Faculty News

Director Patt Featured in UConn Today

Dr. Patt lecturing

Christine Buckley from UConn Today interviewed Dr. Avinoam Patt, Director of the Center for Judaic Studies and Contemporary Jewish Life, on the question of Jewish Humor. The phenomenon of many Jews being funny was explained by Patt through the position of the immigrant: As a coping strategy humor can bridge cultural differences and signal harmlessness to the majority of society. But there is also a specific epistemology to that position: From the margins, one is more likely to gain critical insights into society, which then takes the form of a joke. In his notion of Jewish humor being primarily an exilic feature, Patt transcends the particularism of Jewish humor to more universal questions of being a minority and the quest for identity.

Dr. Patt became the Center's Director in August 2019, and so Buckley's piece further uses the opportunity to offer a nuanced biographical portrayal of him, linking his academic interests to his personal experiences. Patt shares what it was like to grow up as the son of two Israeli parents in Houston, Texas, how he entered the field of Jewish Studies, and where he finds intersections between his current two main interests, Holocaust Studies and Jewish Humor, which "might seem incongruous" at first. As the new director, Dr. Patt set himself the goal of expanding the Judaic Studies section at UConn, while also strengthening the Center's outreach program beyond the borders of the campus.

The piece appeared in UConn Today on October 28, 2019, and can be read online in full length here.
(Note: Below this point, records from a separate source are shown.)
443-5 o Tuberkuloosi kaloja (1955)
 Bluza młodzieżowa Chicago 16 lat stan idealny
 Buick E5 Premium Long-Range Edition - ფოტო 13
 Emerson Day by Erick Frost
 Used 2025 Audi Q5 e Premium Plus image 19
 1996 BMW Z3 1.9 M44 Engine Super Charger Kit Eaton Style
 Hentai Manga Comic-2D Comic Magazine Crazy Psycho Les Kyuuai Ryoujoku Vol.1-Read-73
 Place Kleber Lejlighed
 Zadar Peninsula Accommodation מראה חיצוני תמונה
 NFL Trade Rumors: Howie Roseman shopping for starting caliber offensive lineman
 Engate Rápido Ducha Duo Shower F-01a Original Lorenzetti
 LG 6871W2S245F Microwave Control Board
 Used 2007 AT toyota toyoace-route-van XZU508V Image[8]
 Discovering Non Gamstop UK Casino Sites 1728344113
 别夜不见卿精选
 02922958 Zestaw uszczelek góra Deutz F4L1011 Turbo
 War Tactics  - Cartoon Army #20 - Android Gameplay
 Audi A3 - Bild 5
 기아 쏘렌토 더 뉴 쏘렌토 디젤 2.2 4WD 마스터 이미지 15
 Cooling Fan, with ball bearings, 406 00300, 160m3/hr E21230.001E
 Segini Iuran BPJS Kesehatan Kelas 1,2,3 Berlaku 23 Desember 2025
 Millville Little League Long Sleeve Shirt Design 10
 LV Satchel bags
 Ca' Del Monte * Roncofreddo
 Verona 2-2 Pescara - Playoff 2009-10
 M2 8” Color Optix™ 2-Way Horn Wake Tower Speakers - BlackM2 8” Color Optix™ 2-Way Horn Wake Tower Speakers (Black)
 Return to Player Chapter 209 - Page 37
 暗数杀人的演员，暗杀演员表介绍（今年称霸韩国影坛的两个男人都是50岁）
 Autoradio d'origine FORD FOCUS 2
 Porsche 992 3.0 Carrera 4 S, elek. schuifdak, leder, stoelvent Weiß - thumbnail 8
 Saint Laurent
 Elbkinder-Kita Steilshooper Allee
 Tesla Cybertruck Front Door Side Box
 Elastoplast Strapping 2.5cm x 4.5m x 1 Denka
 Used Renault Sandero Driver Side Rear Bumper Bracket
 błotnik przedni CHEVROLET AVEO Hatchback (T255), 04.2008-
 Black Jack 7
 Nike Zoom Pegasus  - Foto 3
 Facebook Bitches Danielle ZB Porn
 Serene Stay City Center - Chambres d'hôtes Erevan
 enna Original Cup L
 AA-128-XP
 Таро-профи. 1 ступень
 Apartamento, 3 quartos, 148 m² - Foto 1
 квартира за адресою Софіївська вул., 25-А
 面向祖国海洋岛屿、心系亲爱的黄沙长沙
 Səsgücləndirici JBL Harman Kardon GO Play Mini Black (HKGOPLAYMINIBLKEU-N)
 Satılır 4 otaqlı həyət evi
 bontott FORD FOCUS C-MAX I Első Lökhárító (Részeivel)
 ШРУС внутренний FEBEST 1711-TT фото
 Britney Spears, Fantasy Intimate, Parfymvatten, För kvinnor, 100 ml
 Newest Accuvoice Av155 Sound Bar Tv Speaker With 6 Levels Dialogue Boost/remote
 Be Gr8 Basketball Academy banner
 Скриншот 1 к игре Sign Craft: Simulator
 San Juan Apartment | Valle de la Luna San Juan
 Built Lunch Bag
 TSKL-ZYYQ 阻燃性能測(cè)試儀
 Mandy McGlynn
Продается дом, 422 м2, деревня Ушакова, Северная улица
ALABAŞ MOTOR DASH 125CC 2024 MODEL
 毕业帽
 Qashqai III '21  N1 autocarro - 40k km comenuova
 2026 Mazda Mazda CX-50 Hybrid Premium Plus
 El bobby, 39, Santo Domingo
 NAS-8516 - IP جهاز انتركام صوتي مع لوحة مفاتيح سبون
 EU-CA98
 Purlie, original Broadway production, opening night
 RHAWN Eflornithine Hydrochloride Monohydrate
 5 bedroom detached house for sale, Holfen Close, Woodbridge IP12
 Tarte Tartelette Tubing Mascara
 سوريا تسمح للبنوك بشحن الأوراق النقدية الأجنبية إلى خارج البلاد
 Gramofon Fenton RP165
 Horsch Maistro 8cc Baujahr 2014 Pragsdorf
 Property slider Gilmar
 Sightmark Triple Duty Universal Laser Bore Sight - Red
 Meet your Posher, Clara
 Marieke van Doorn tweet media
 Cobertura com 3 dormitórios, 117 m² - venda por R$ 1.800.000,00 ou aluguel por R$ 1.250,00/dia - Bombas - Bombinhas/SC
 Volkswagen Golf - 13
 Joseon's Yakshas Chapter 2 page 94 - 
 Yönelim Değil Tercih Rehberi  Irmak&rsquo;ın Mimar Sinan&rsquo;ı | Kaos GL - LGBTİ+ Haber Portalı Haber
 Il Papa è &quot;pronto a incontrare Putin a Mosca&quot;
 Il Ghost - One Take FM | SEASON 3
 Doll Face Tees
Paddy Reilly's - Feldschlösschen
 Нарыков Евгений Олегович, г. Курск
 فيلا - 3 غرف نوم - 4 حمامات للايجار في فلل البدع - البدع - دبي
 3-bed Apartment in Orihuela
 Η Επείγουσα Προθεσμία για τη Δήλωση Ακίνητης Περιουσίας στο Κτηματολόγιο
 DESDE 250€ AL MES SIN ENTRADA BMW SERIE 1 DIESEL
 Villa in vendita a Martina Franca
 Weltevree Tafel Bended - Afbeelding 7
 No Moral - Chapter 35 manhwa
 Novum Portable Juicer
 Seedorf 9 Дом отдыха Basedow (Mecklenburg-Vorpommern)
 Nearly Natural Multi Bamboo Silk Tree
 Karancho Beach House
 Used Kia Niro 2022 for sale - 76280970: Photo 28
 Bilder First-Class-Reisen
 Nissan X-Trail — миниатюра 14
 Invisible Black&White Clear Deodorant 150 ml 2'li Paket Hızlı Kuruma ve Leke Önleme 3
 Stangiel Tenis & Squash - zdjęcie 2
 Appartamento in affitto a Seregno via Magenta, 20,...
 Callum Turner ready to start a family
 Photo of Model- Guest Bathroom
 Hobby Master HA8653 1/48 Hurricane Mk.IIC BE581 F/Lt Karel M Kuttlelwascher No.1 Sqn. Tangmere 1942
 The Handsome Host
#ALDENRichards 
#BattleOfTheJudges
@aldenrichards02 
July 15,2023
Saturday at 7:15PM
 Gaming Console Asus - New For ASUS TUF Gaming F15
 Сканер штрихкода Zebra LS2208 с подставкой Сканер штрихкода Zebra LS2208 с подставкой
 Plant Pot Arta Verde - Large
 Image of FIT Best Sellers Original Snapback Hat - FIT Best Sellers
Director Avinoam Patt invited to Provost’s Distinguished Speaker Series in 2020

Professor Avinoam Patt

Dr. Avinoam Patt to Lecture on Holocaust Remembrance in the Provost's Distinguished Speaker Series

It is an honor to announce that our Director Avinoam Patt is invited to lecture at the Provost's Distinguished Speaker Series, which "provides an opportunity for our most recently-inducted Board of Trustees Distinguished Professors and Endowed Chairs to share advances in their expertise and engage thought-provoking discussions." [Learn more about this series and its speakers.]

Save the Date: February 26, 2019, 4:00 - 5:00 p.m.

Dr. Patt's lecture will address the topic of "Trauma, Testimony, and Time: Remembering the Holocaust in the 21st Century."

The event is free and open to the public. It takes place at the Konover Auditorium in the Thomas J. Dodd Research Center on the Storrs Campus. A reception will follow in the Dodd Lounge with light refreshments. If you require an accommodation to attend, please notify provost@uconn.edu.

About the speaker:

Avinoam J. Patt, Ph.D. is the Doris and Simon Konover Chair of Judaic Studies and Director of the Center for Judaic Studies and Contemporary Jewish Life at the University of Connecticut. He is the author of Finding Home and Homeland: Jewish Youth and Zionism in the Aftermath of the Holocaust (2009); co-editor (with Michael Berkowitz) of a collected volume on Jewish Displaced Persons, titled We are Here: New Approaches to the Study of Jewish Displaced Persons in Postwar Germany (2010); and is a contributor to several projects at the USHMM including Jewish Responses to Persecution, 1938-1940 (2011). Most recently, he is co-editor of a new volume on The Joint Distribution Committee at 100: A Century of Humanitarianism (2019), Laughter After: Humor and the Holocaust (2020), and Understanding and Teaching the Holocaust (2020). He is currently completing a new book on the early postwar memory of the Warsaw Ghetto Uprising.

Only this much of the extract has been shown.